Databricks User Guide#

You can run BigDL program on the Databricks cluster as follows.

1. Create a Databricks Cluster#

Create either an AWS Databricks workspace or an Azure Databricks workspace.
Create a Databricks cluster using the UI. Choose Databricks runtime version. This guide is tested on Runtime 9.1 LTS (includes Apache Spark 3.1.2, Scala 2.12).

../../_images/create-cluster.png

2. Generate initialization script#

Init script is used to Install BigDL or other libraries. First, you need to put the init script into DBFS, you can use one of the following ways.

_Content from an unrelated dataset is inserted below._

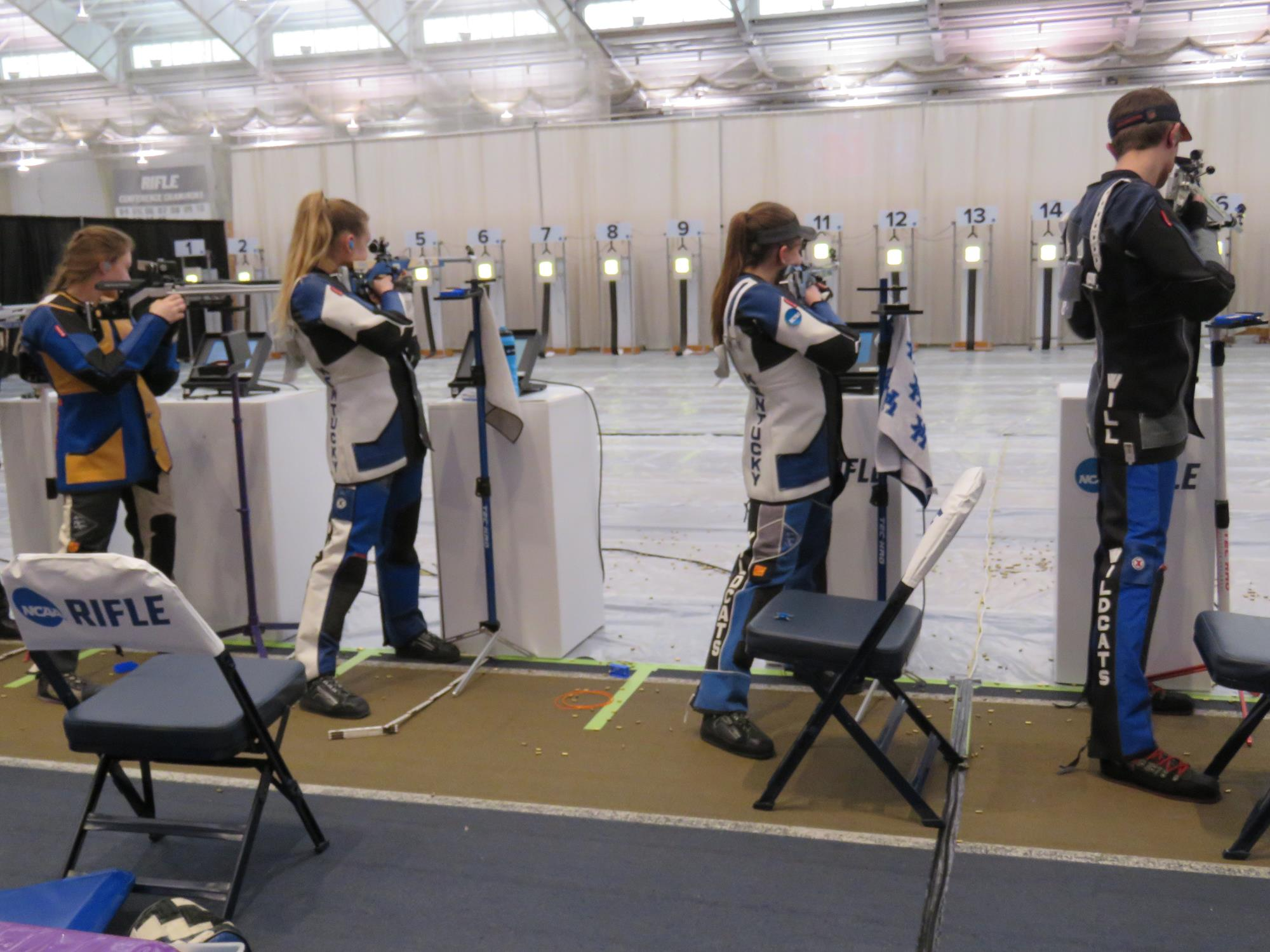 UK Rifle in Third at GARC after Day One Smallbore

Note that as Python 3.8 is highly recommended by BigDL, please set the Databricks runtime version to 9.1 LTS or 10.4 LTS to use the Python 3.8 environment.

a. Generate init script in Databricks notebook

Create a Databricks notebook and execute

init_script = """
#!/bin/bash

# install bigdl-orca, add other bigdl modules if you need
/databricks/python/bin/pip install pip install --pre --upgrade bigdl-orca-spark3[ray]

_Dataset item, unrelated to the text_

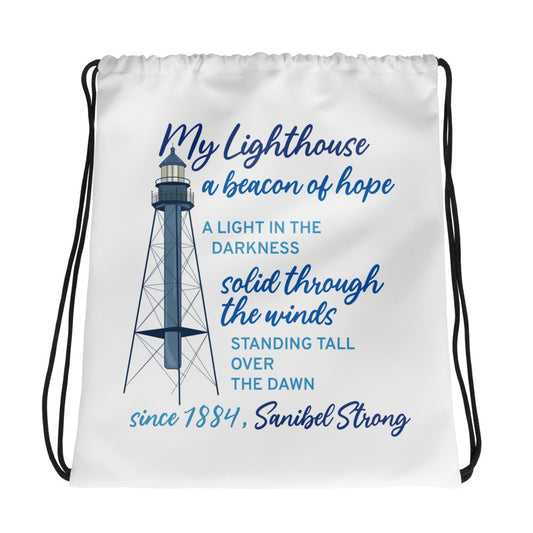 My Lighthouse Poem - Drawstring Bag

# install other necessary libraries, here we install libraries needed in this tutorial
/databricks/python/bin/pip install tensorflow==2.9.1
/databricks/python/bin/pip install tqdm
/databricks/python/bin/pip install torch==1.11.0+cpu torchvision==0.12.0+cpu tensorboard -f https://download.pytorch.org/whl/torch_stable.html

# copy bigdl jars to databricks
cp /databricks/python/lib/python3.8/site-packages/bigdl/share/*/lib/*.jar /databricks/jars
"""

# Change the first parameter to your DBFS path
dbutils.fs.put("dbfs:/FileStore/scripts/init.sh", init_script, True)

To make sure the init script is in DBFS, in the left panel, click Data > DBFS > check your script save path.

if you do not see DBFS in your panel, see Appendix A.

b. Create init script in local and upload to DBFS

Create a file init.sh(or any other filename) in your computer, the file content is

#!/bin/bash

# install bigdl-orca, add other bigdl modules if you need
/databricks/python/bin/pip install pip install --pre --upgrade bigdl-orca-spark3[ray]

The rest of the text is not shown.